Require progress updates once per day. When you finish any given sprint, review all the tests. Hopefully your tests are automated for optimal test team performance. Waste is defined as any activities that do not add value to the final product. You are going to want to trim waste with a vengeance.

Finally there are only two values for percent complete that matter. They are 0% and 100% done. Anything in between is best thought of as 0% complete. Radical.

Skills Required

I recently met up with an old friend that is a developer. He has been looking for work for a while. The challenge is often that employers want developers with experience in 8 to 10 technologies. Who has that type of skill set?

Yesterday I read an article that seems to confirm this phenomenon. Developers need to know a lot of different things. This includes SOA, OOP, and UI development.

It makes sense that a developer might need to know more than one programming language. That gives you additional insight. I don't know whether it makes sense to know a little bit about 10 different technologies. That is a generalist that specializes in nothing.

Code School

The people at Envy Labs have opened up their Code School. It is an online learning site. The goal is to "learn by doing". They have short videos, along with hands on exercises. You got to pass some sort of challenge before moving on to the next section.

Right now they have a course on Ruby on Rails. It costs $45, a discount from the normal price of $75. Some other courses that are coming soon include jQuery, HTML 5, and CSS.

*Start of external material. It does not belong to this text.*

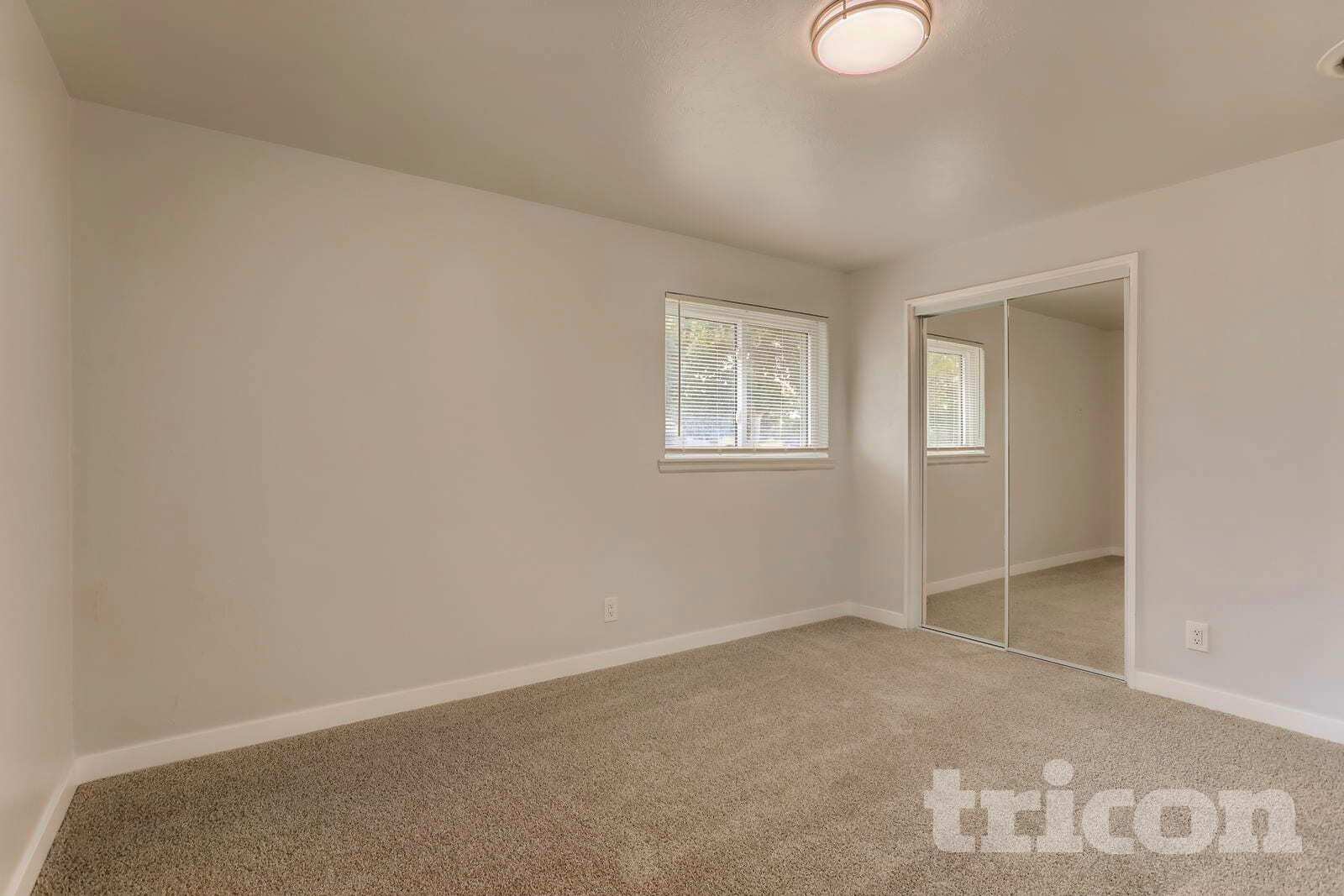 Building Photo - 3115 Xanadu St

I am not sure whether this is a good deal. If their hands on technique can teach me stuff in just an hour, I might buy in. It helps that my employer foots the bill for my technical training. If it was my own money, I don't think I would be buying though.

The Software Architect

A lot of developers aspire to become a software architect. The title sounds impressive. And you figure an architect is going to be making a lot of money. I found it humorous that one team on my project decided to declare itself as the architects. Even though such antics are humorous, I think there is some validity to moving ahead by becoming an architect.

I read an article on how real life people advanced to the software architect position. One factor was getting involved with new technology early on. Another is doing publishing or public speaking. You must have top notch communication skills.

Business Objects

I have a coworker that is in training for Business Objects this week. It might be a good time to be learning. SAP just did a major upgrade to Business Objects 4 recently. SAP bought Business Objects 4 years ago. Now they are moving forward with the product.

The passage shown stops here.